Dr. Young has worked in the Gulf of Mexico, on the East Pacific Rise, on canyons off the east coast of the U.S., in the Lau Basin and in soft-bottom communities such as those in the Bahamas.
“Craig writes teaching into his grants as well, where students have taken his courses, and then have been able to go on a deep sea cruise and be part of the research team on that cruise,” adds Dr. Watts.
Dr. Svetlana Maslakova, another OIMB faculty member, works on nemerteans (ribbon worms), unsegmented worms.
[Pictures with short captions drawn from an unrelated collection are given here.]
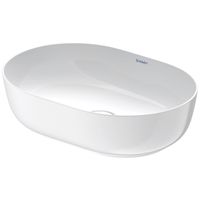 Duravit Luv opzetwastafel 50x35cm ovaal zonder kraangat zonder overloop wit/wit 0379500000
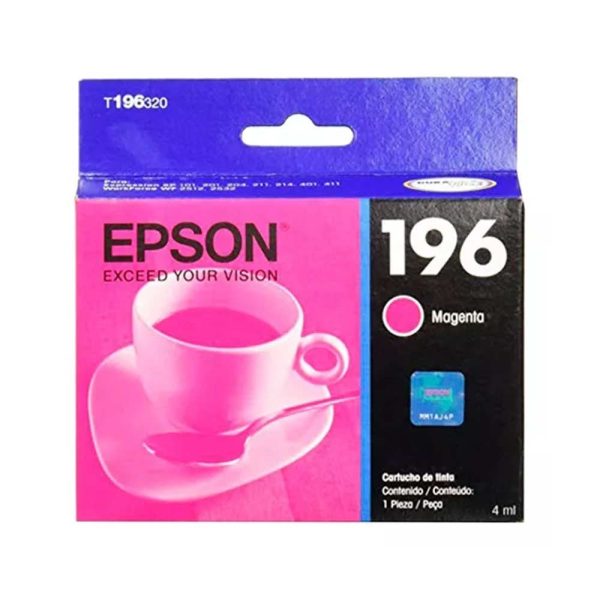 Cartucho Epson T196320 - Magenta Ink XP101/104/201/204/401 WF2512/2532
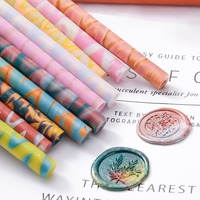 Bâton de cire de scellage rétro en laque de feu, couleurs mélangées, 10 couleurs assorties, vente en gros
“They’re a phylum in their own right and some of them have a distinctive, interesting larval stage, and a catastrophic metamorphosis during which the developing juvenile eats the larval body from within,” remarks Dr. Watts. “Dr. Maslakova studies larval development in these worms and the genetics behind that development using cool tools, such as confocal microscopy to visualize their development. Also, she is a systematist and the world expert on nemerteans, traveling to distant places to study the biodiversity of the phylum.”
While extensive educational and research opportunities exist at OIMB, Dr. Watts sees even more inherent value in the facility and the community that has developed there and at other marine labs.
“Really important discoveries in the world came from people working at marine labs. For example, many of the particulars on how fertilization works (from sea urchin eggs) and how electrical excitability and nerve action potential works (using giant axons in squid) were discoveries made by scientists working at marine labs,” comments Dr. Watts. “New innovations, or techniques for being able to visualize things that before we couldn’t see are now available because of the research that goes on at marine labs. So, there’s a lot of value, not only in the research itself but in teaching the next generations of scientists in small field-based courses how to formulate their own sorts of questions. The contribution of marine labs such as OIMB to our future is substantial.”